Limitations & Future Work

  • Parallel detection of all locations cannot handle sequential placement, which may result in occlusion issues (e.g., vehicles overlapping with curbs).
  • Object rotation and perspective transformations are not modeled, resulting in limited placement plausibility for orientation-sensitive objects (e.g., cars on curves).
  • Potential overfitting to inpainting artifacts; although mitigated by Gaussian smoothing, it remains fundamentally unresolved.
  • The OPA dataset only features single-object annotations, meaning the supervision signals for multi-object placement are limited.
  • vs TopNet: TopNet utilizes Transformer-based location regression + sparse contrastive loss, where loose regularization leads to imprecision. BootPlace provides stronger localization capabilities leveraging detection constraints.
  • vs GracoNet: GracoNet requires manual annotation of positive and negative sample pairs, whereas BootPlace automatically generates training data via a bootstrapping strategy, yielding superior scalability.
  • vs DiffPop: DiffPop uses diffusion models to learn scale/spatial relations but relies on hand-crafted plausibility guidance.
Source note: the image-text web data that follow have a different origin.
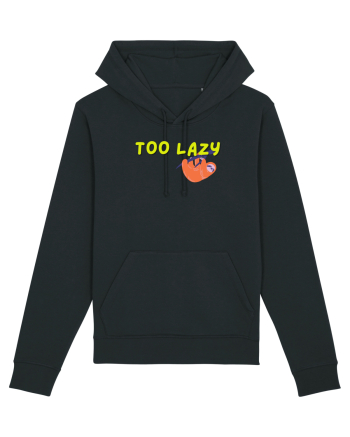 Too lazy Black
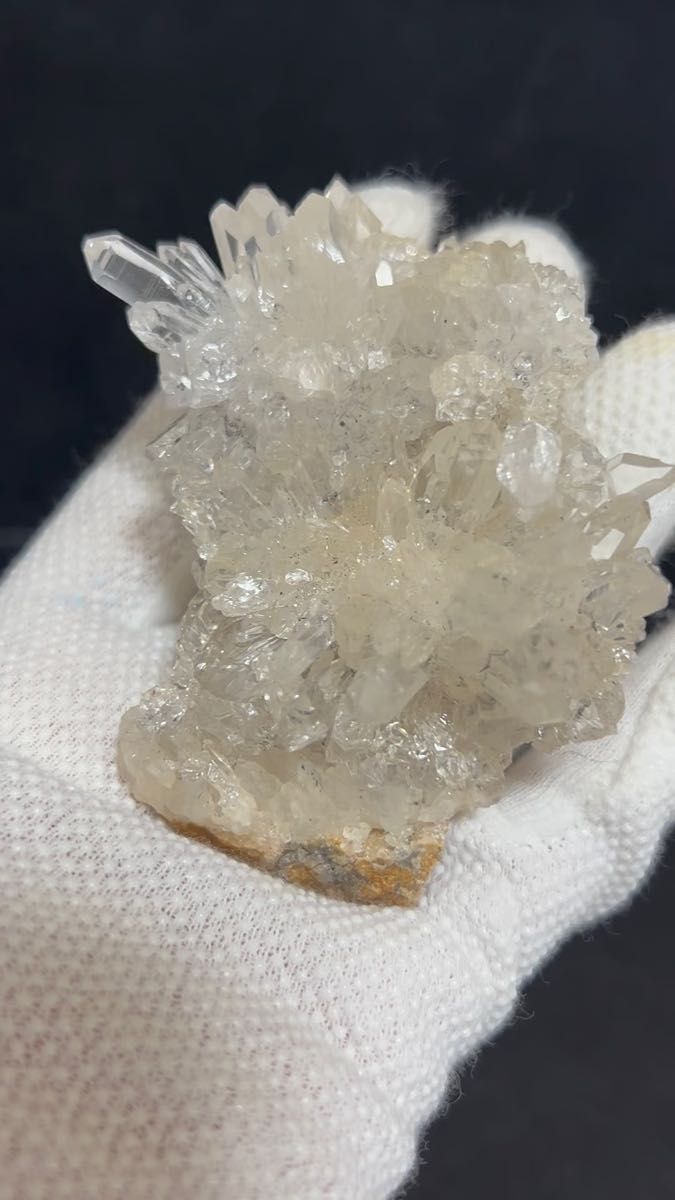 天然石 四川省産 菊花水晶クラスター160g|Yahoo!フリマ(旧 天然石 四川省産 菊花水晶クラスター160g|Yahoo!フリマ(旧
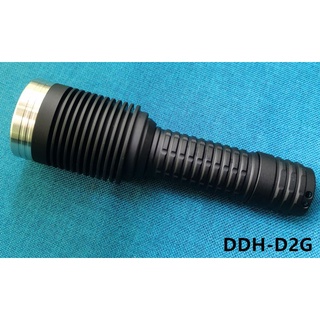 Ddh-d2g ไฟฉาย XML2 / SST40 / SFN60 led ไฟฉายตั้งแคมป์กลางแจ้ง ไฟเดินป่า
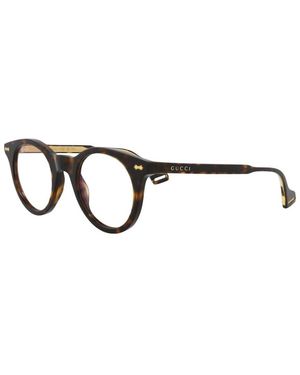 Gucci Gg0736S 47Mm Sunglasses - Brown
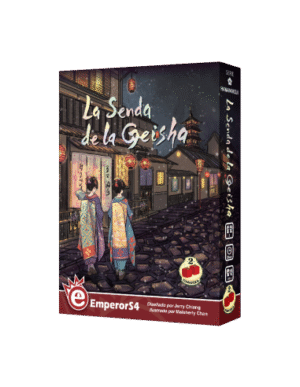 La senda de la Geisha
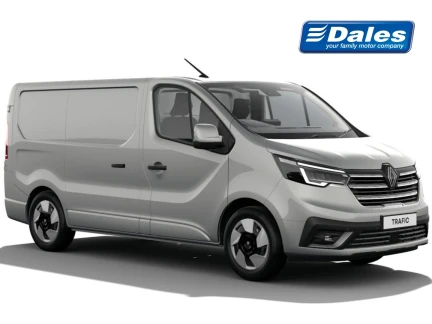 Renault Trafic Listing Image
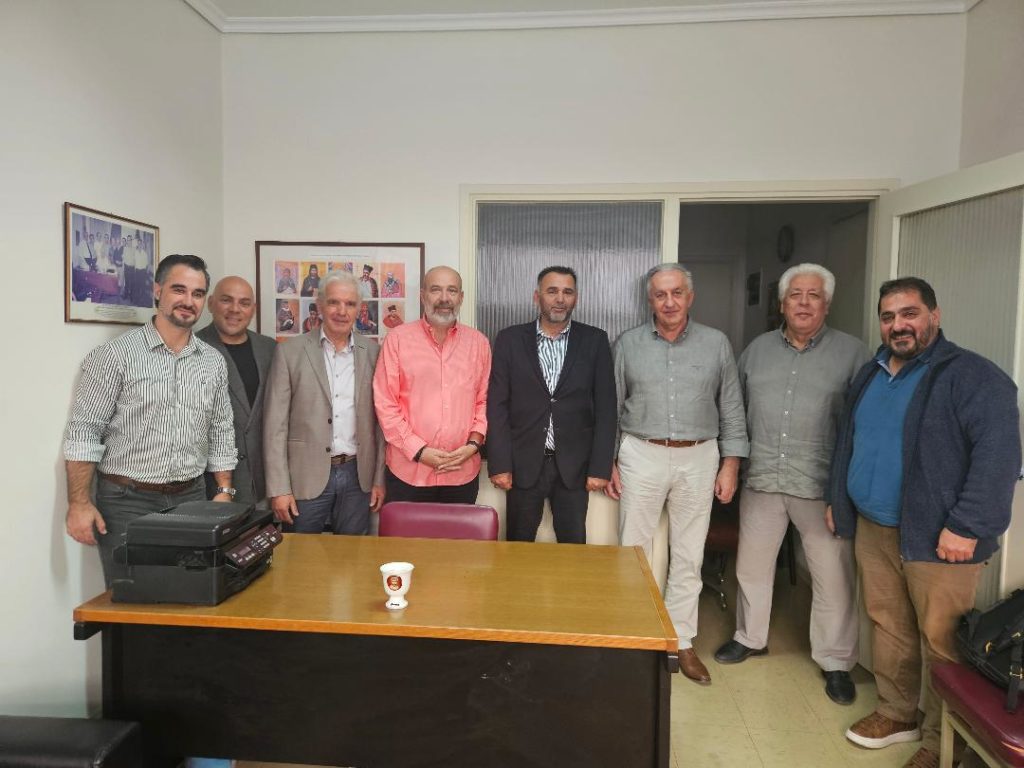 Ιστορική συμμετοχή στις εκλογές της ΟΜ.Σ.Ι.Ε. – Συγκρότηση του νέου Διοικητικού Συμβουλίου σε Σώμα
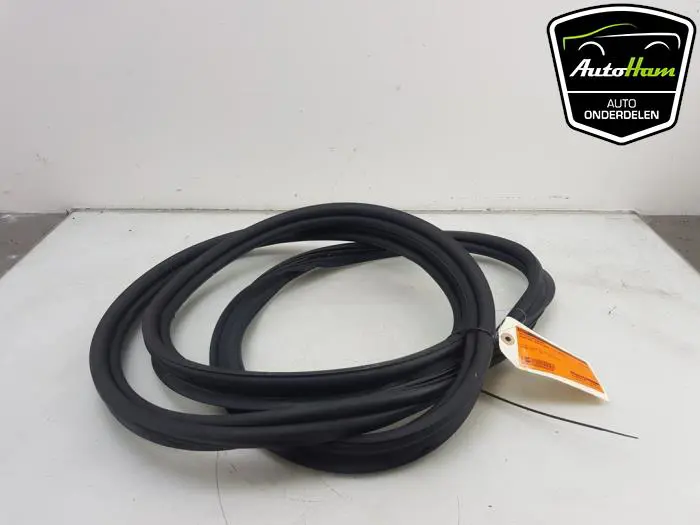 Achterkleprubber Mercedes GLB-Klasse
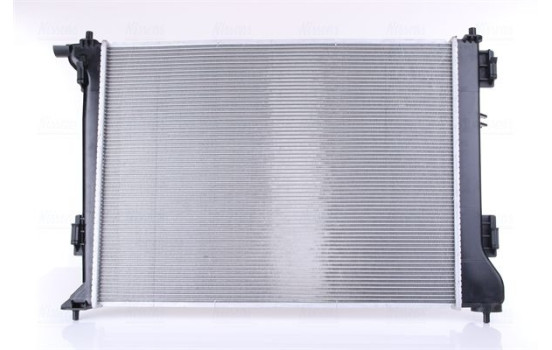 Kylare, motorkylning 606604 Nissens, bild 3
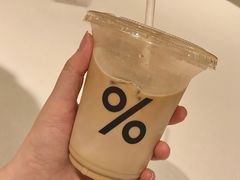 -% Arabica阿拉比卡咖啡(深圳湾万象城店)
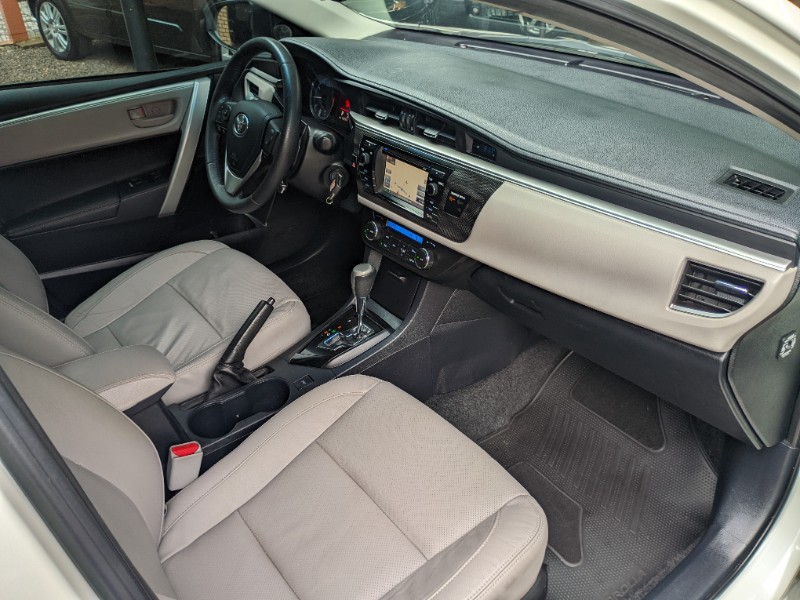 TOYOTA COROLLA XEI 2.0 FLEX 16V AUT. 2016/2016 RICARDO VEÍCULOS TEUTÔNIA / Carros no Vale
BootPlace directly learns plausible locations from detection.

Rating

  • Novelty: ⭐⭐⭐⭐ The placement-by-detection paradigm and negative-correlation matching are key innovations, though the technical framework is built upon the mature DETR.
  • Experimental Thoroughness: ⭐⭐⭐⭐ Benchmarked on two datasets along with ablations, user study, and generalization tests. However, the absolute IoU values remain relatively low.
  • Writing Quality: ⭐⭐⭐⭐ Well-structured with mathematical formulations for method descriptions, accompanied by rich figures and tables.
  • Value: ⭐⭐⭐ Interesting direction but limited practical scenarios, and low absolute IoU values suggest the problem itself is highly challenging.